Many of these newcomers are "well informed and having planned their immigration", while others were attracted by stories on social media of an “El Dorado" that does not in fact exist, said the Casa’s president, Cíntia de Paulo, in an interview with Lusa News Agency in which she cited the latest figures from the International Organization for Migration (IOM) confirming the trend.

According to de Paulo, who has been a member of the association since 2012 and is president since 2017, a new wave of immigrants to Portugal is underway, and gaining in momentum. Her organisation works to help Brazilians living in Portugal, and so comes into contact with many.

"I venture to say that in the last year, accentuating itself at the end of 2018 and early this year, there were very significant arrivals" of Brazilians in Portugal, she said. "It is a new wave very different from the others, with a cluster of profiles" of people who have come to stay.

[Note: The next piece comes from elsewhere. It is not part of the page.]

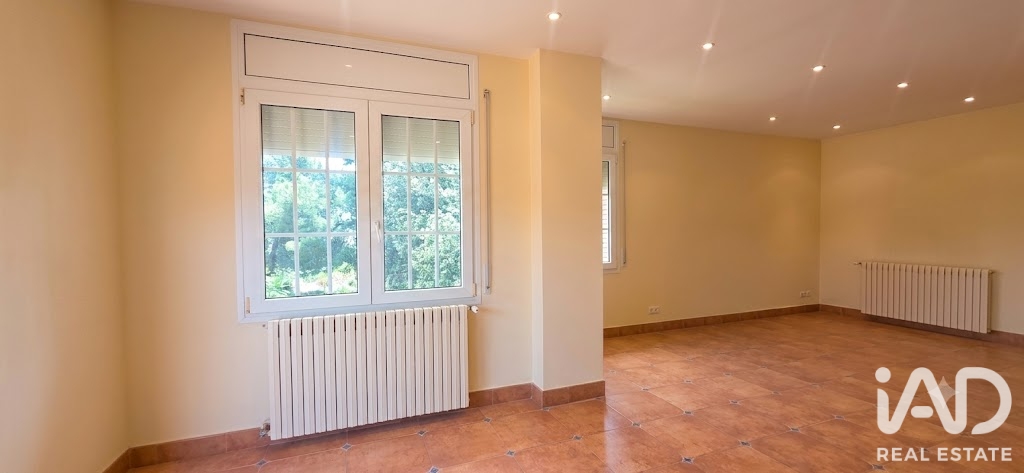 Māja Olerdola, Barcelona, Spānijā 4 istabas, 475 m2 Nr. 197712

Lusa sought fresh data on the subject from Portugal’s Foreigners and Borders Service (SEF), but a source said that figures for 2018 are not yet available.

However, last year the Casa do Brasil helped 476 people who had sought it out for the first time. This year, up to 13 February, it helped a further 110 new people, said de Paulo.

Past waves of Brazilian immigration to Portugal have taken place in the late 1990s and early 2000s, she recalled, adding that the current one "is very large". It consists of several different groups, including less qualified people to a larger group with higher qualifications, many of them university students – a phenomenon already seen since 2009, but still growing.

There is also the formation of a new community, the retired, who have their own incomes in Brazil and the possibility of securing in Portugal a residence permit for retired people, as well as a higher class still, a group that is not so large, according to de Paulo.